### Task prompt
The records that follow must be reproduced in full, with every picture excluded.

### Data shown
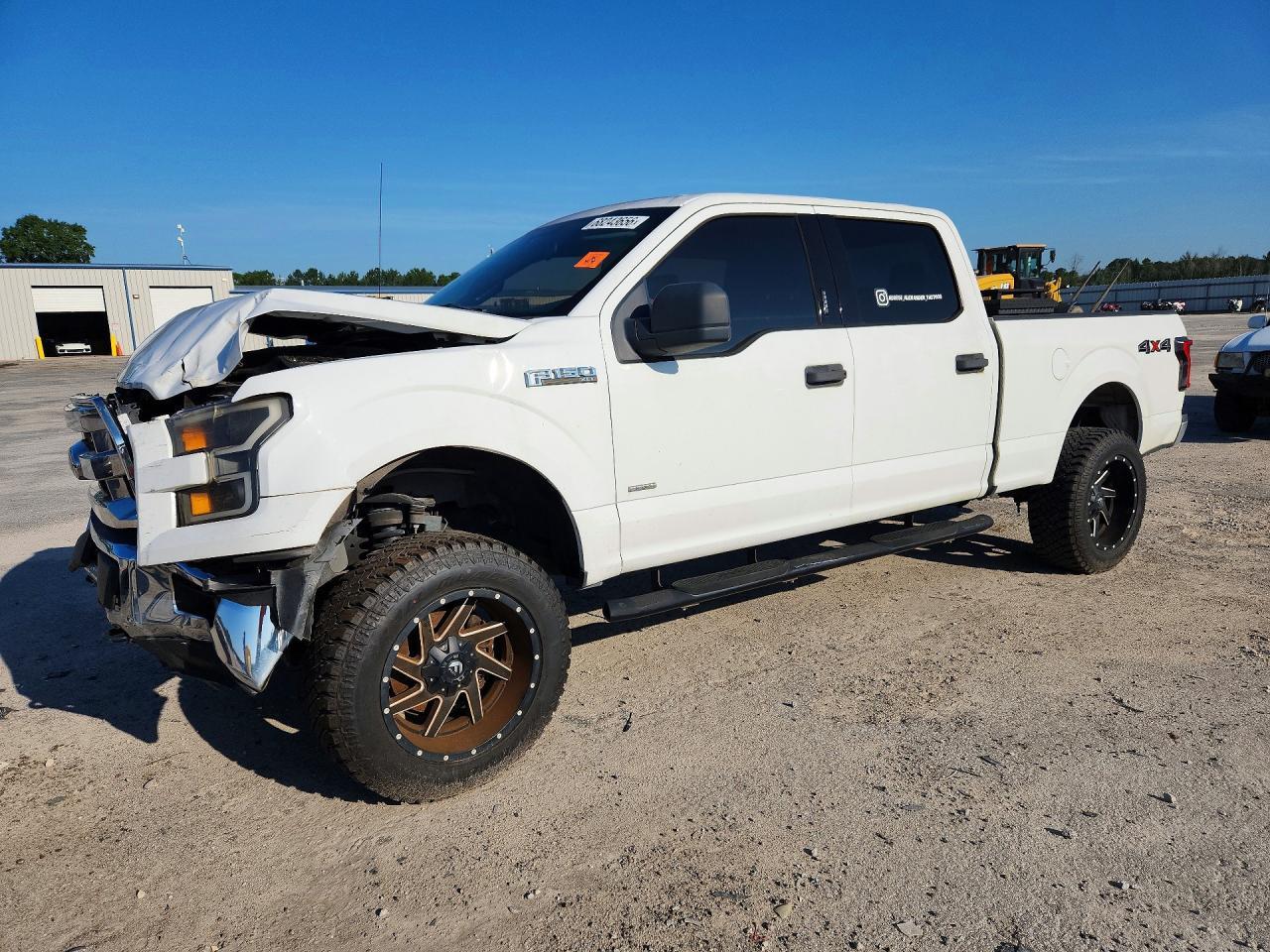 2017 Ford F150 Supercrew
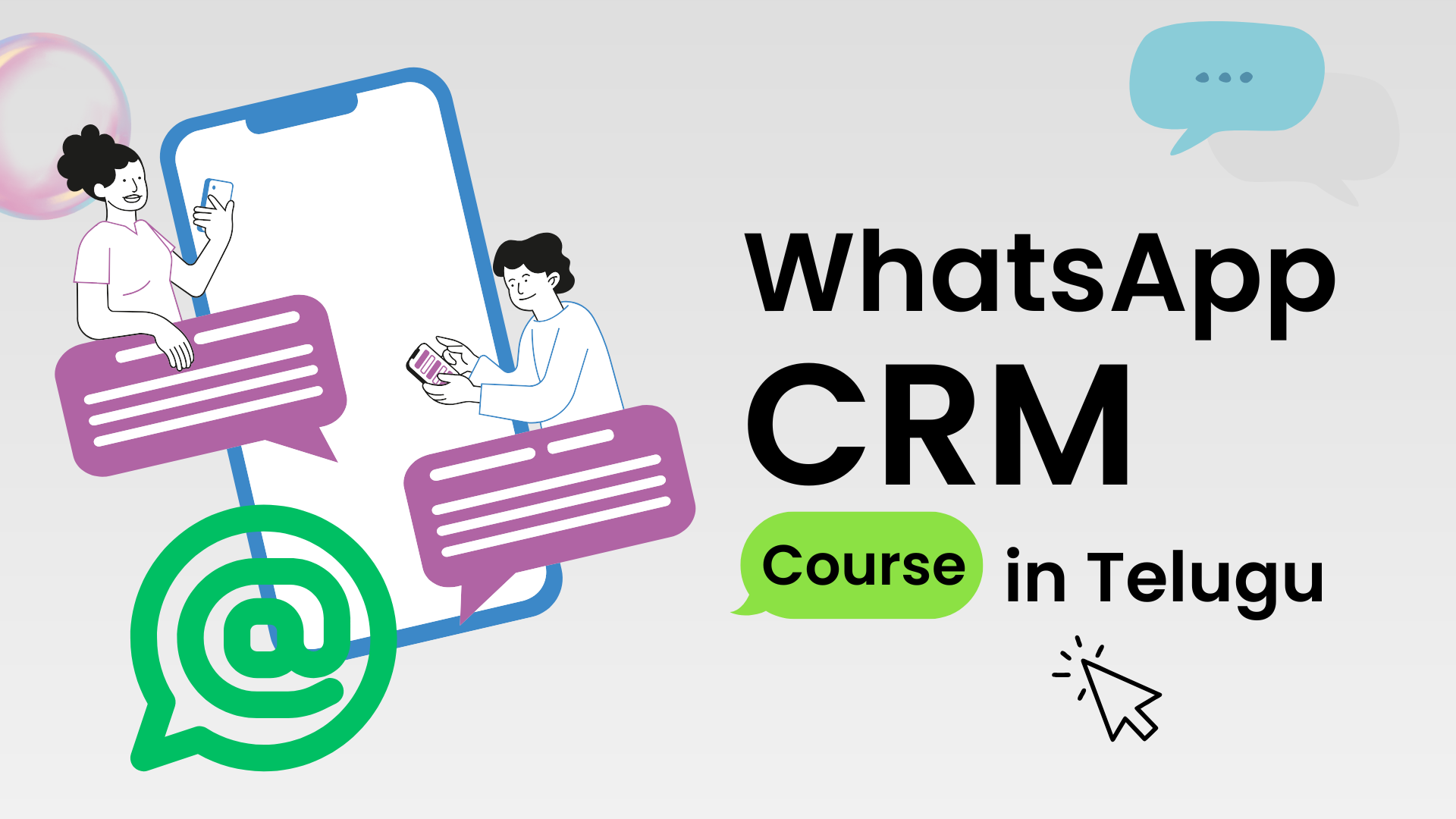 WhatsApp CRM Course in Telugu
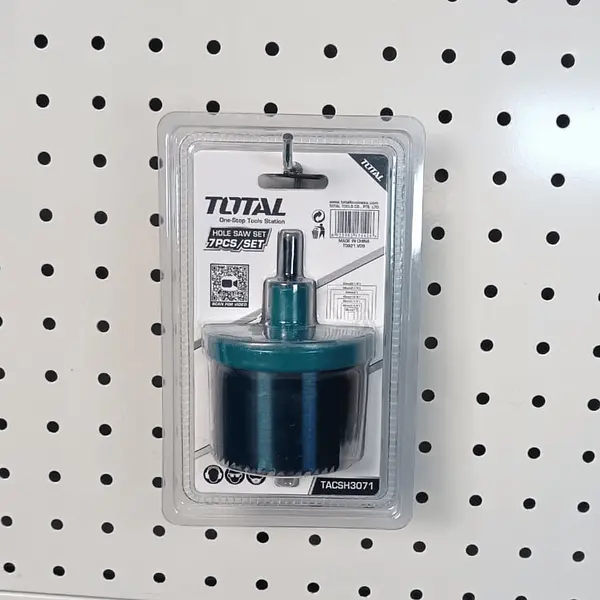 Juego De Copas Sierra Para Madera -7pzs Total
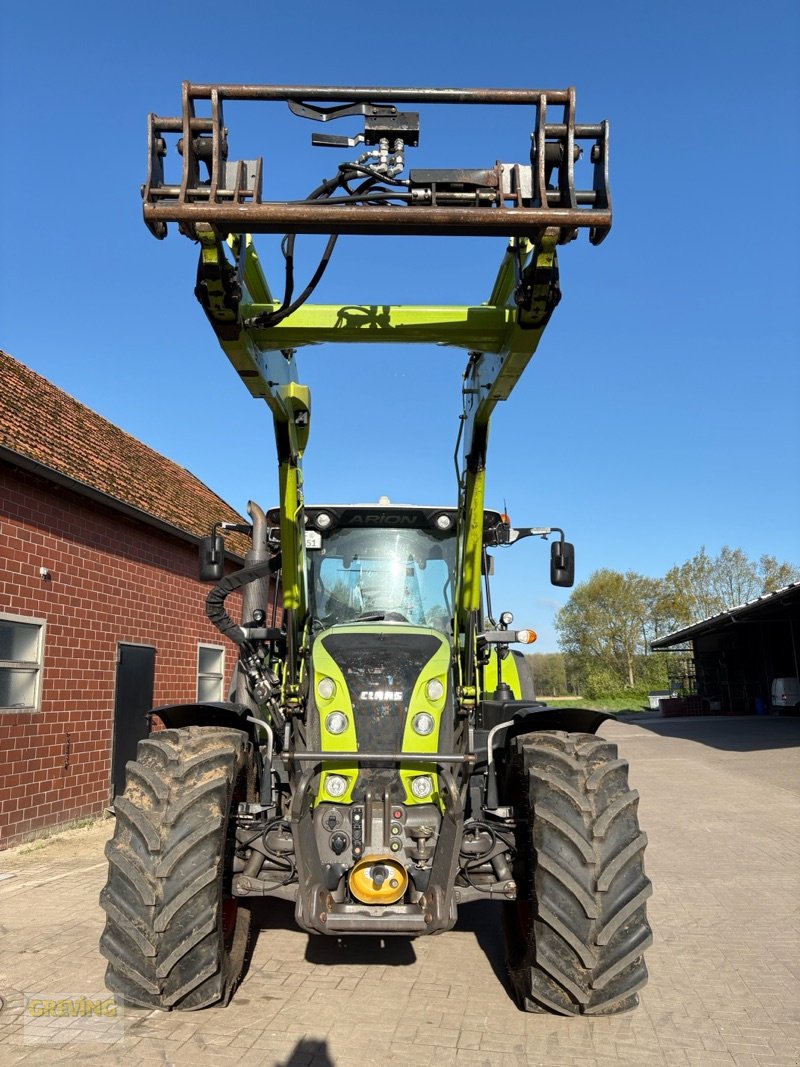 Traktor Türe ait CLAAS Arion 650 CMATIC, Gebrauchtmaschine içinde Greven (resim 8)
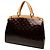 Louis Vuitton Purple Monogram Vernis Brea MM Roxo - vista 2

### Response for this exercise
 2017 Ford F150 Supercrew
 WhatsApp CRM Course in Telugu
 Juego De Copas Sierra Para Madera -7pzs Total
 Traktor Türe ait CLAAS Arion 650 CMATIC, Gebrauchtmaschine içinde Greven (resim 8)
 Louis Vuitton Purple Monogram Vernis Brea MM Roxo - vista 2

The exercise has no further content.